Records to use
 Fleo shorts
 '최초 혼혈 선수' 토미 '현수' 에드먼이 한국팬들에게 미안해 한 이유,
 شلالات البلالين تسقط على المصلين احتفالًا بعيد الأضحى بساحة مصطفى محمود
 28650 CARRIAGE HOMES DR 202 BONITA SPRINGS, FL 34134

...

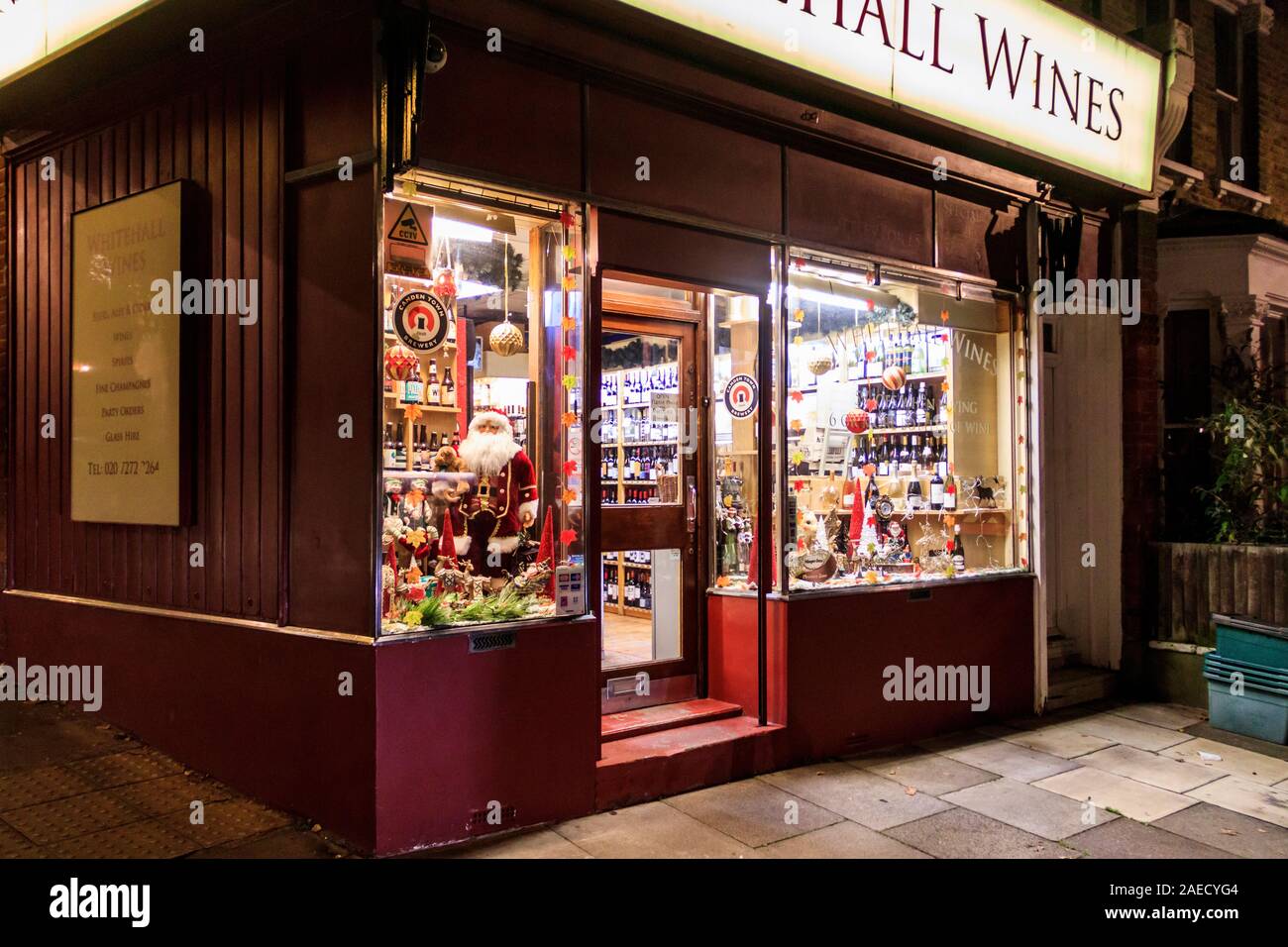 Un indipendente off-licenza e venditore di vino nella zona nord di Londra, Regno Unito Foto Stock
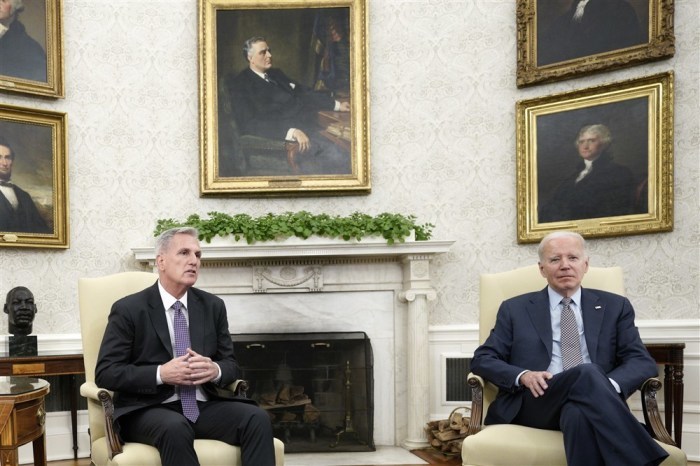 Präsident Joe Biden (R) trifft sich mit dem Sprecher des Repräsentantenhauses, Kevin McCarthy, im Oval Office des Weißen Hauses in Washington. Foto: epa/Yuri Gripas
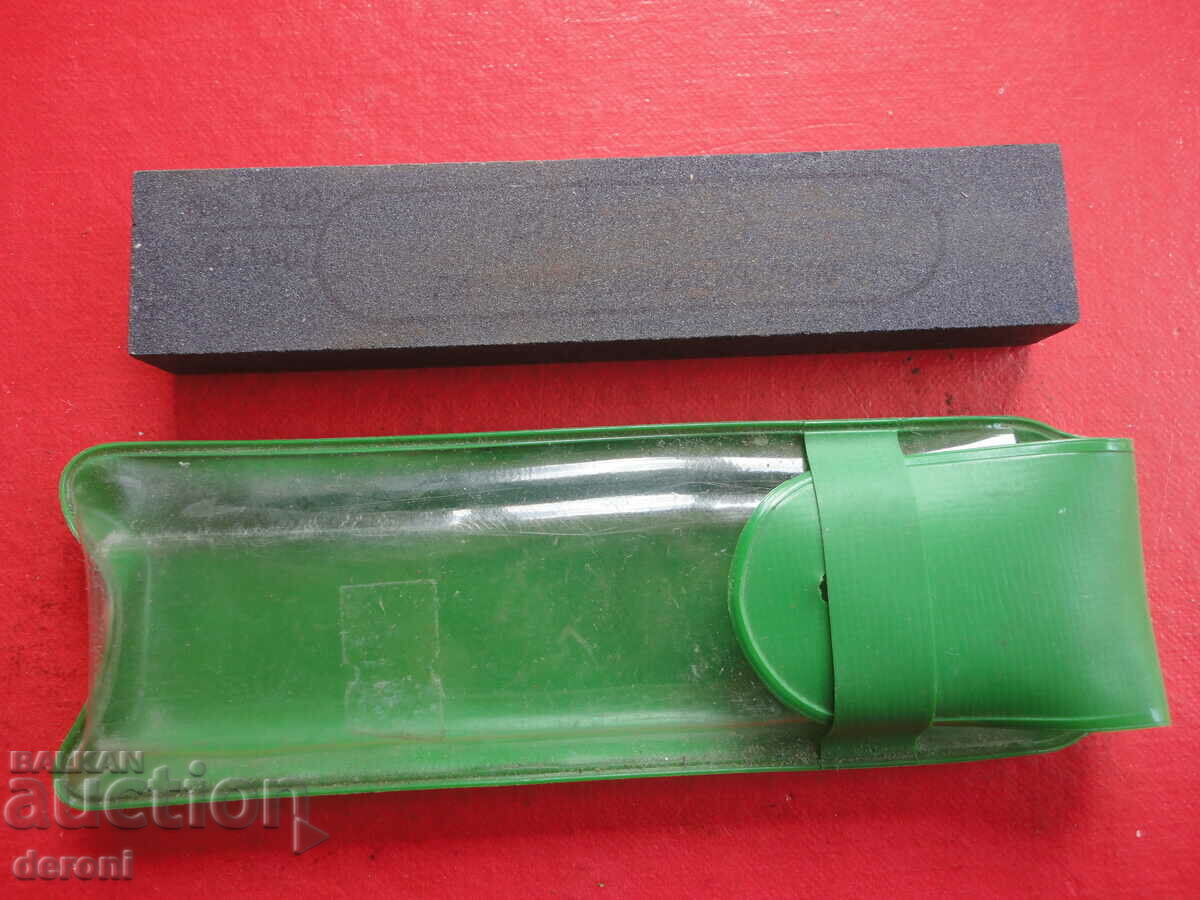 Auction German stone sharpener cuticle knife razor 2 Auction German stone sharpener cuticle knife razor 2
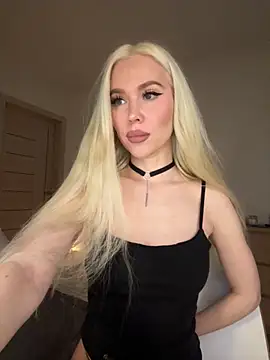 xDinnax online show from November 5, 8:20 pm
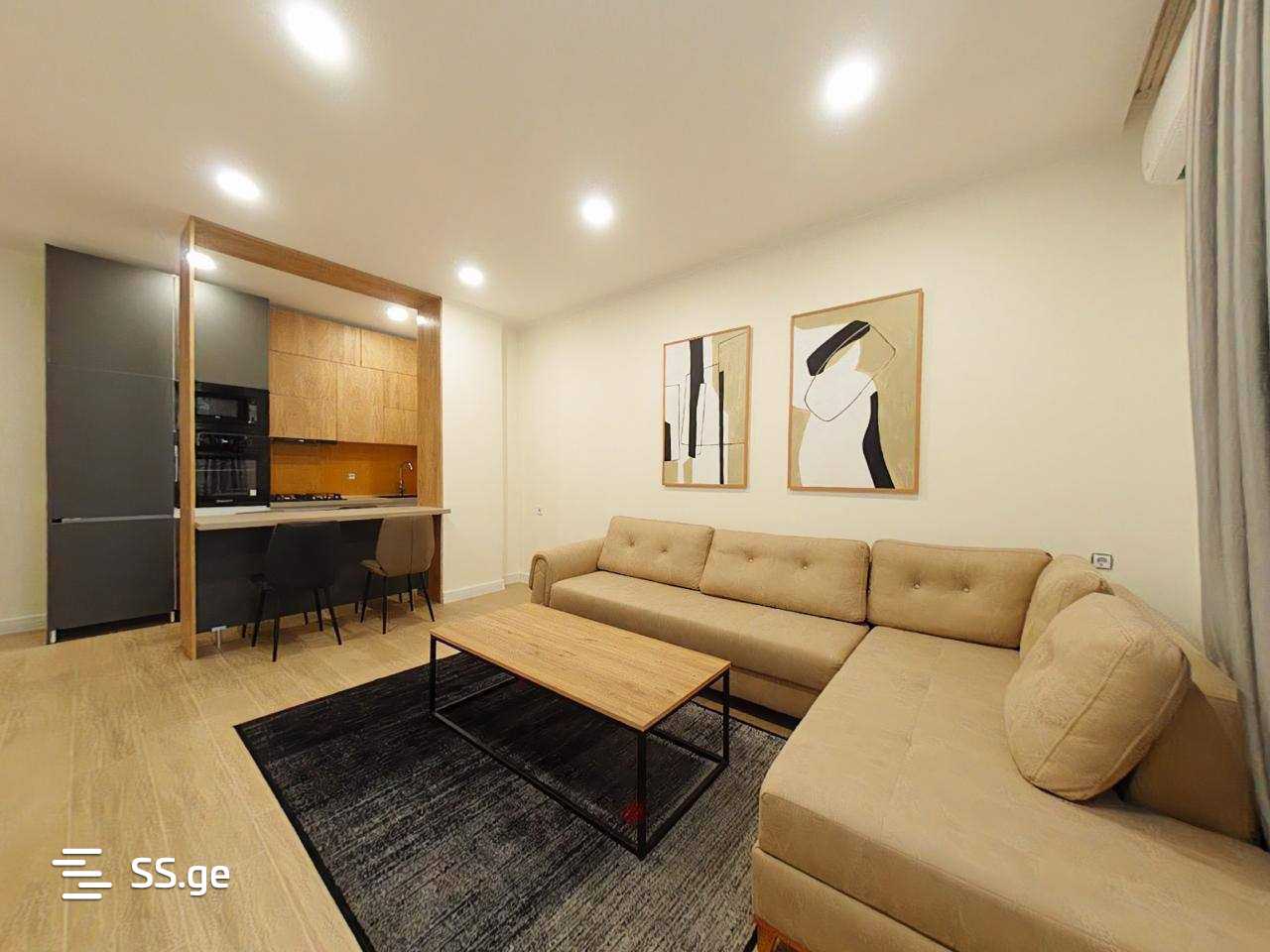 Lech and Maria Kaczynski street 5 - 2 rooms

Task statement
In the listing above, find the line with "Präsident Joe Biden" and the line with "Lech and Maria Kaczynski street 5 - 2 rooms". Copy exactly those lines and all between them, minus the images.

Solution for this exercise
 Präsident Joe Biden (R) trifft sich mit dem Sprecher des Repräsentantenhauses, Kevin McCarthy, im Oval Office des Weißen Hauses in Washington. Foto: epa/Yuri Gripas
 Auction German stone sharpener cuticle knife razor 2 Auction German stone sharpener cuticle knife razor 2
 xDinnax online show from November 5, 8:20 pm
 Lech and Maria Kaczynski street 5 - 2 rooms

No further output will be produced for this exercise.